I currently serve on Editorial board of J. Mathematical Neuroscience and J. Frontiers of Applied Mathematics.

Here are my complete CV as well as research and teaching statements.

My original area of expertise is the theory of applied dynamical systems and global bifurcations. I study dynamics and their origin in diversely phenomenological systems and exact models from life sciences. Of my particular interest is a new emergent cross‐disciplinary field known as mathematical neuroscience. Its scopes include nonlinear models of individual neurons and networks. In‐depth analysis of such systems requires the development of advanced analytical tools paired with sophisticated computations. I derive models and create bifurcation toolkits for studying a stunning array of complex activities such as multistability of individual neurons and polyrhythmic bursting patterns discovered in multifunctional central pattern generators governing vital locomotor behaviors of animals and humans

Deterministic chaotic dynamics, Lorenz and any strange attractors with underlying homo- and heteroclinic puzzles are always on my mind.

Prospective PhD candidates, MS and BS students interested in Mathematical Neuroscience, Dynamical Systems and Applied Mathematics: contact me. I have research positions funded by NSF, B&B and NI.

I seek outstanding PhD candidates in mathematical/computational neuroscience and/or applied dynamical systems. Apply through Neuroscience Institiute or Mathematics Department graduate programs.
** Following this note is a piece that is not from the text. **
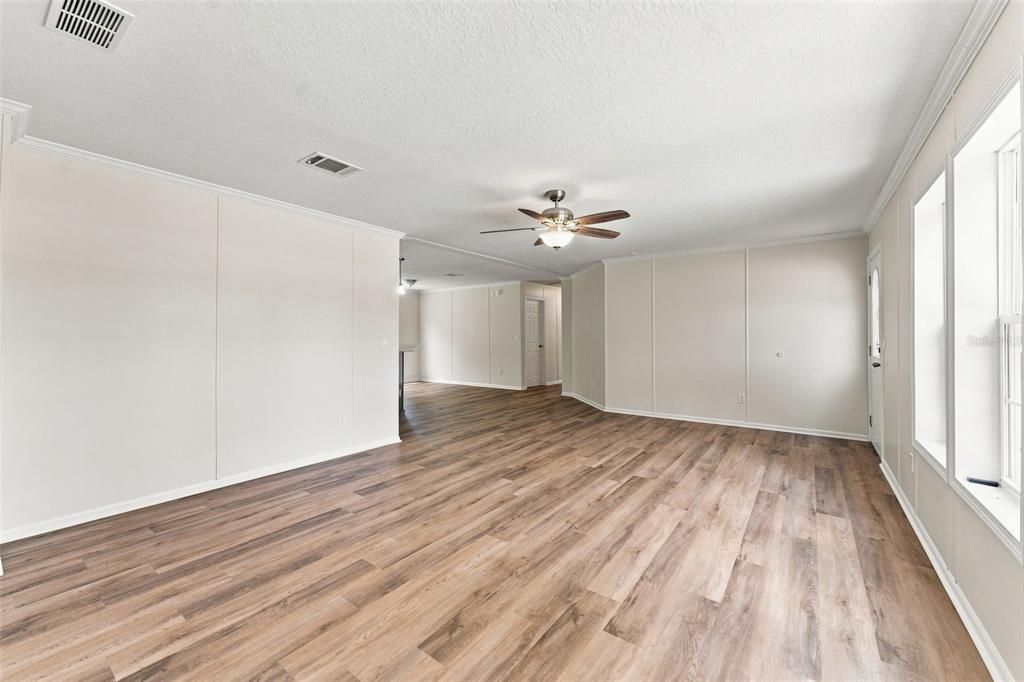 For Sale: $305,000 (3 beds, 2 baths, 2108 Square Feet)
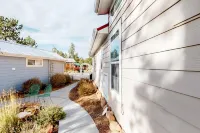 Cub Cottage Hotels in Cascade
The books that I have co-authored are available in English (1998, 2001), Russian (2003,2009) and Chinese (2011):

Shilnikov L.P., Shilnikov A., Turaev D. and Chua, L., Methods of Qualitative Theory in Nonlinear Dynamics. Part I . World Sci. 1998
Shilnikov L.P., Shilnikov A., Turaev D. and Chua, L., Methods of Qualitative Theory in Nonlinear Dynamics. Part II. World Sci. 2001

Шильников Л.П., Шильников А.Л., Тураев Д.В., Чуа Л., Методы качественной теории в нелинейной динамике. Часть 1. 2004
Шильников Л.П., Шильников А.Л., Тураев Д.В., Чуа Л., Методы качественной теории в нелинейной динамике. Часть 2. 2009

俄罗斯数学教材选译 2011
非线性动力学定性理论方法(第二卷) 2011

Recent papers
See also my researchgate page https://www.researchgate.net/profile/Andrey_Shilnikov

2024 
1. Scully J.*, Bourahmah J.*, Bloom D.*, Shilnikov AL. Pairing cellular and synaptic dynamics into building blocks of rhythmic neural circuits. 2024 [pdf]
2. Bourahmah J.*, Sakurai A. and Shilnikov AL. Error Function Optimization to Compare Neural Activity and Train Blended Rhythmic Networks. Brain Sciences 14(5), 468, 2024 [pdf]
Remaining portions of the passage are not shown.